_Stored items from a collection:_
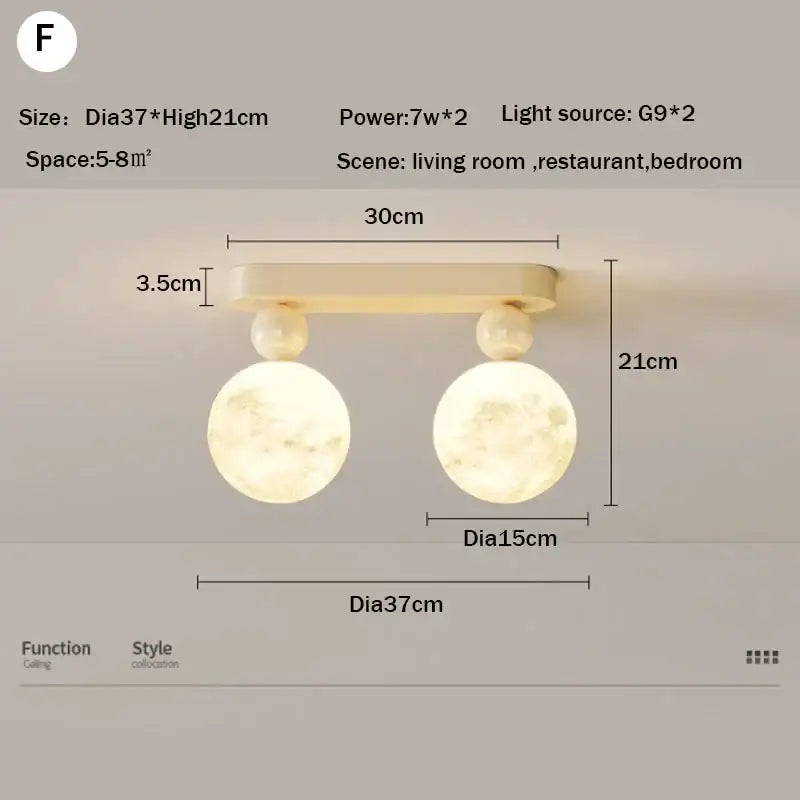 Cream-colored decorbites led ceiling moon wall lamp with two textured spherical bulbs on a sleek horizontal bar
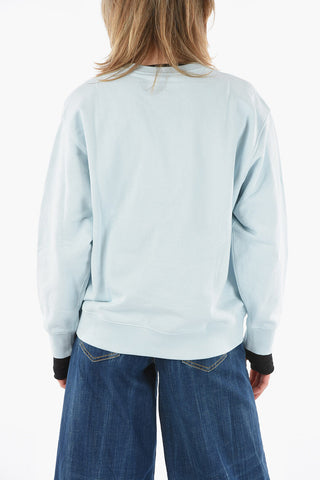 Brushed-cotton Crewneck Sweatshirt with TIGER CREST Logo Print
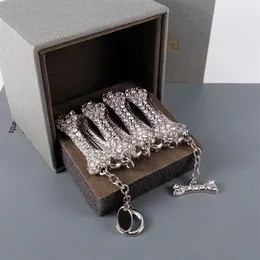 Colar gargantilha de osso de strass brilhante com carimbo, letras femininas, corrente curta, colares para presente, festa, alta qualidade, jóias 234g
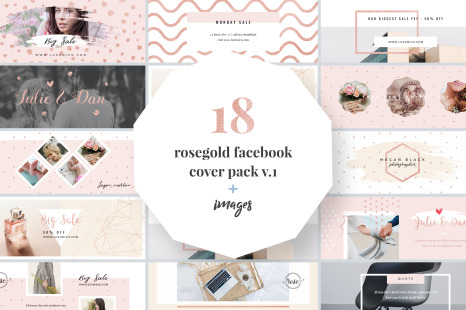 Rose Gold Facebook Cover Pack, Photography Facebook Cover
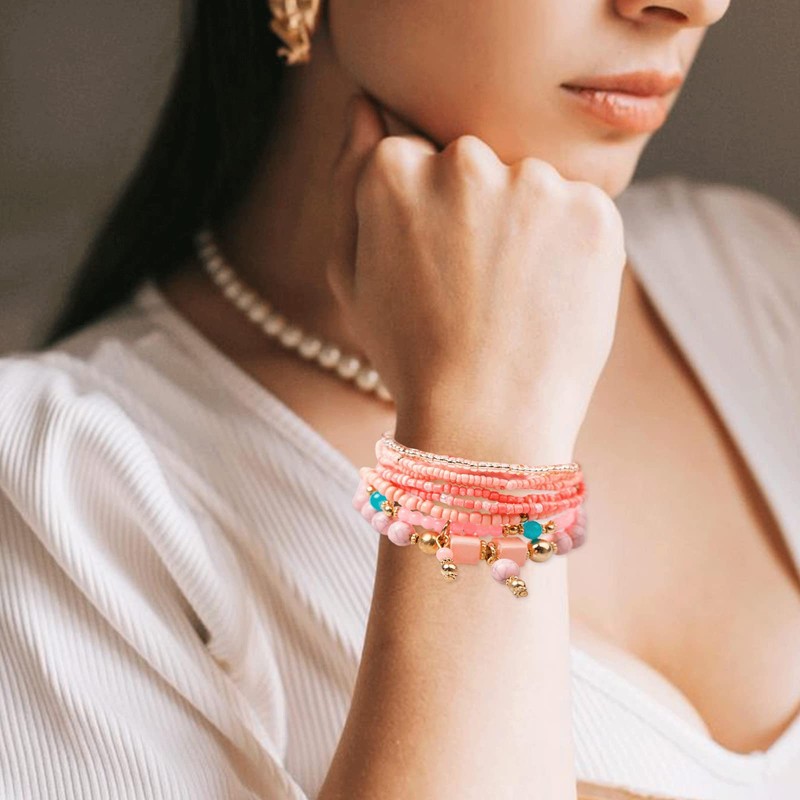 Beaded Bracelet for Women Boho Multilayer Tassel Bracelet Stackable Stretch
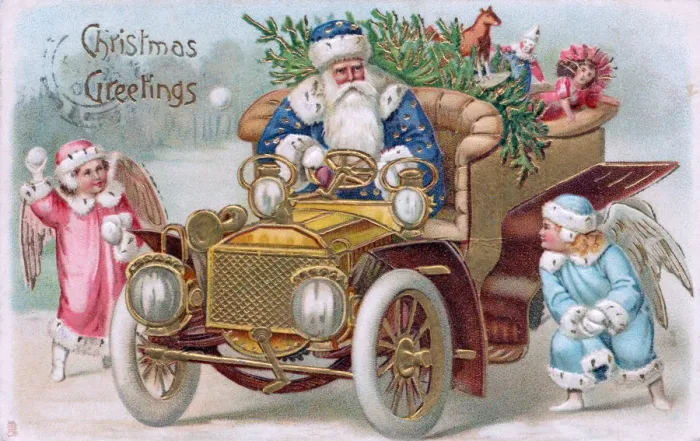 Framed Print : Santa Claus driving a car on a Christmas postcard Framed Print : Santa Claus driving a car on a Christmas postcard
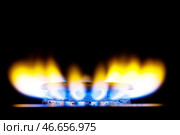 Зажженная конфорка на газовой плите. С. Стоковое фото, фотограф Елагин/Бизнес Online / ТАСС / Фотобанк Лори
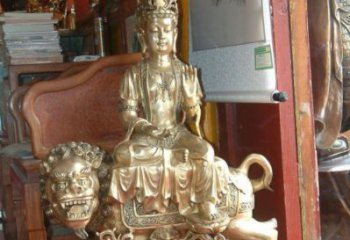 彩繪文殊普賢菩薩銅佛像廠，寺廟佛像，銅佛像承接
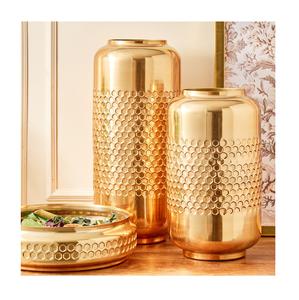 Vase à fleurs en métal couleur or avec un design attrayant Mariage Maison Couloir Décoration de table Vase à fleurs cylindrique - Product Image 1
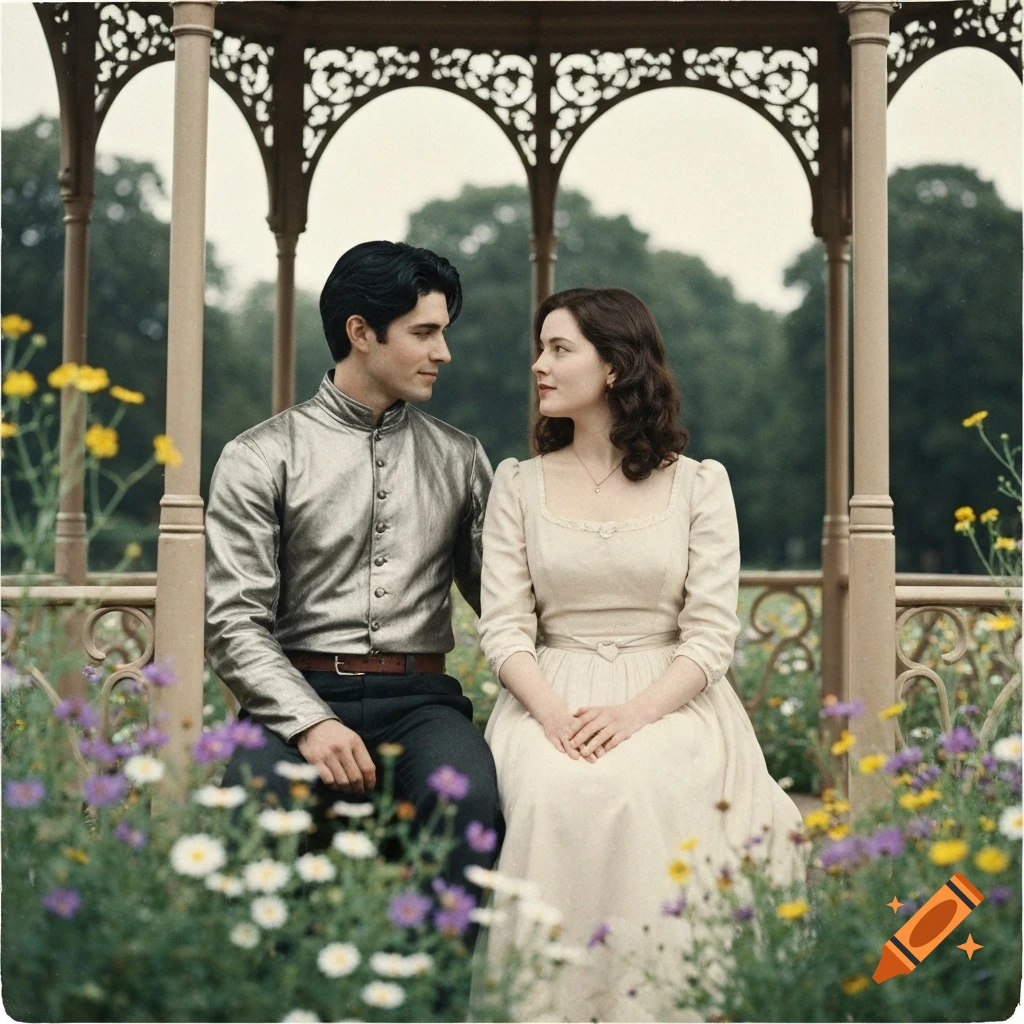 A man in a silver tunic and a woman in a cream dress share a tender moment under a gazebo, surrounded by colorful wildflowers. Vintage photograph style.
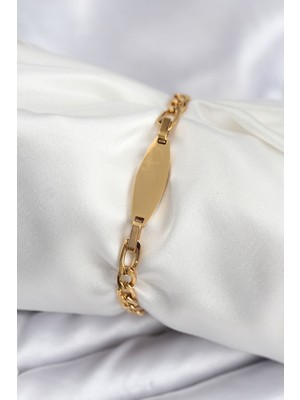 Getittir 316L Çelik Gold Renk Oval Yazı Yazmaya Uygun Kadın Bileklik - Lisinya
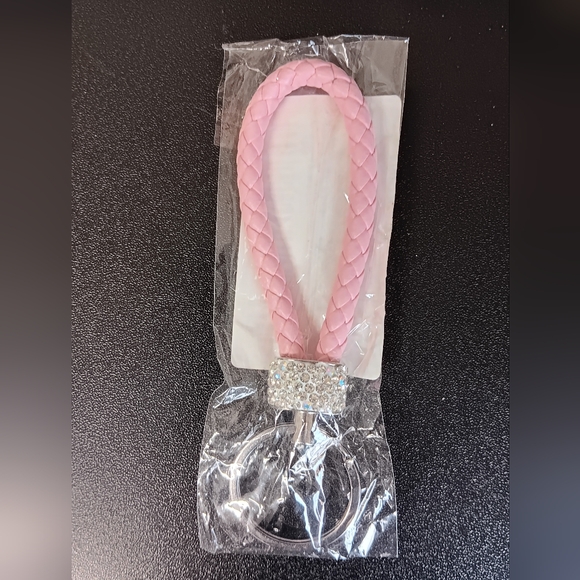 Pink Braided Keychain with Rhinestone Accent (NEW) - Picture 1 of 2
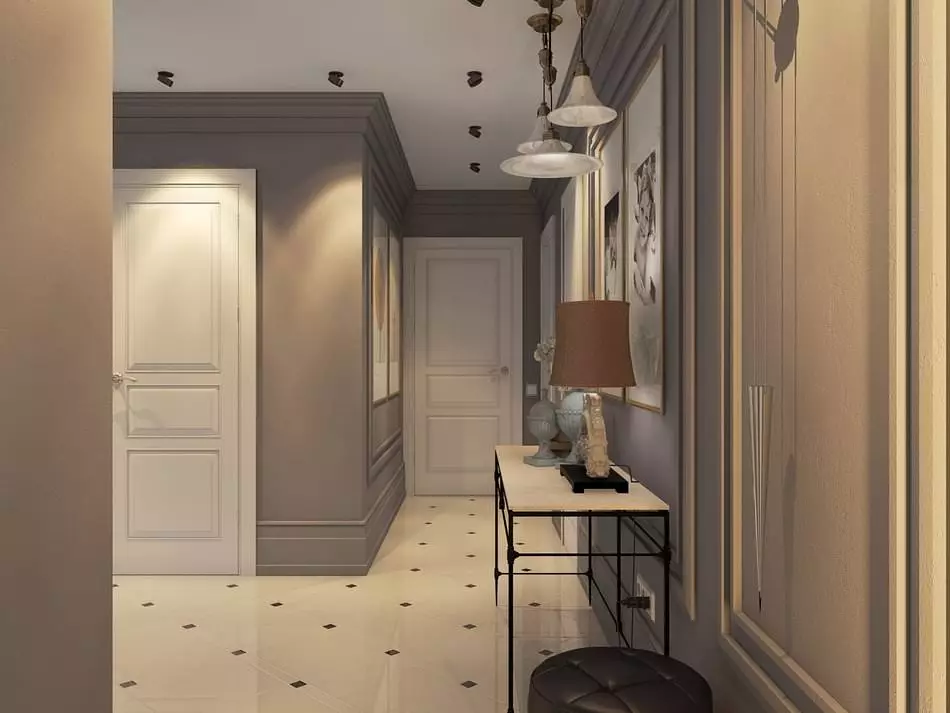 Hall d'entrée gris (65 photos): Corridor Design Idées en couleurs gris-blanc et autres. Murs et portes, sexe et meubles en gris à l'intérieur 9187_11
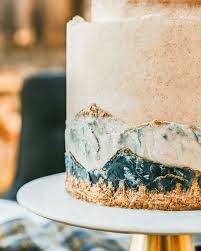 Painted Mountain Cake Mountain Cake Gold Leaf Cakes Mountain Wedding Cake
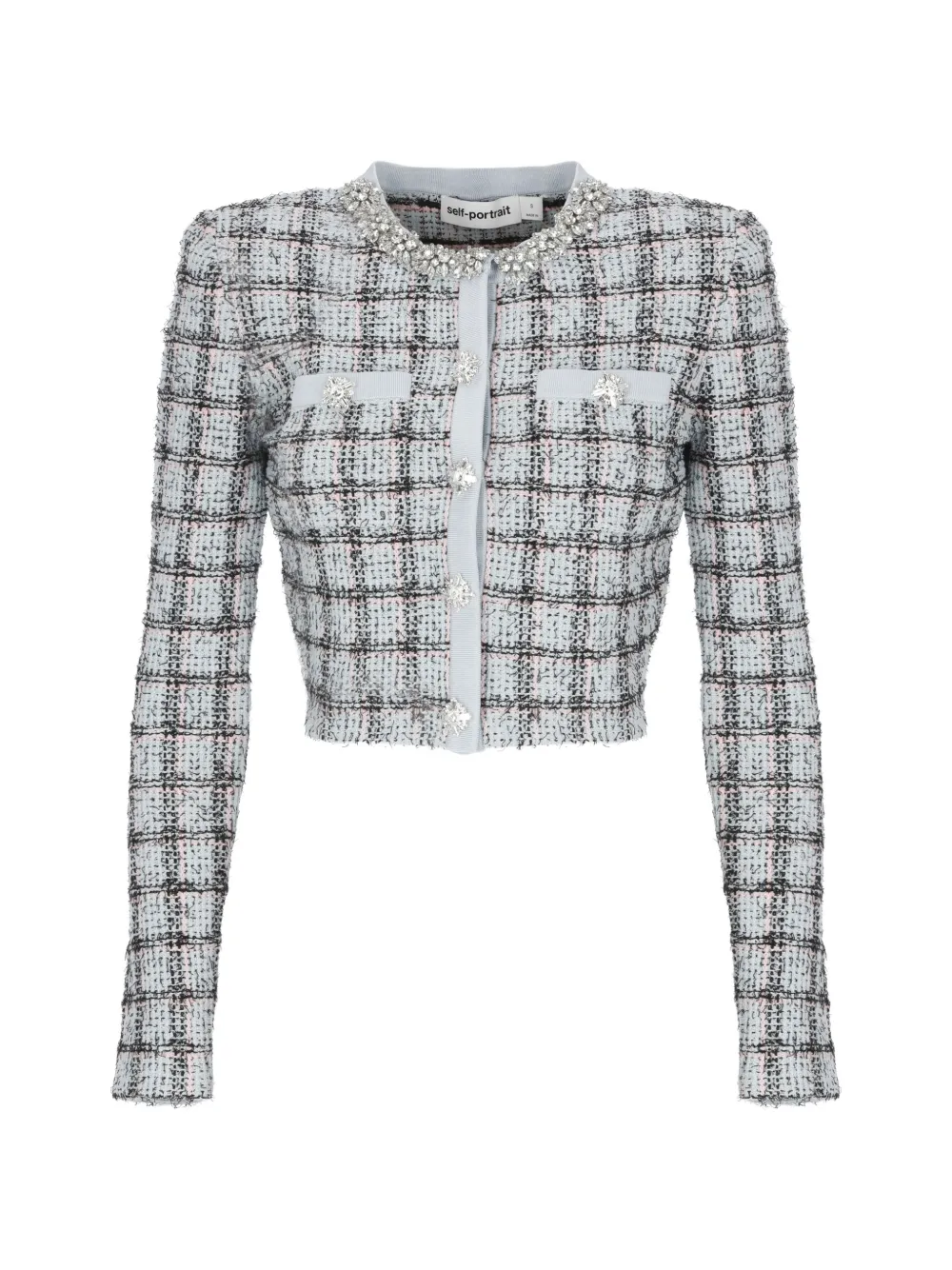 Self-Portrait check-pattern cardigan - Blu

_Work task:_
Every line from the top of the entries through the line that holds "Beaded Bracelet for" is to be quoted exactly, please, and nothing else; omit the pictures.

_Your response:_
 Cream-colored decorbites led ceiling moon wall lamp with two textured spherical bulbs on a sleek horizontal bar
 Brushed-cotton Crewneck Sweatshirt with TIGER CREST Logo Print
 Colar gargantilha de osso de strass brilhante com carimbo, letras femininas, corrente curta, colares para presente, festa, alta qualidade, jóias 234g
 Rose Gold Facebook Cover Pack, Photography Facebook Cover
 Beaded Bracelet for Women Boho Multilayer Tassel Bracelet Stackable Stretch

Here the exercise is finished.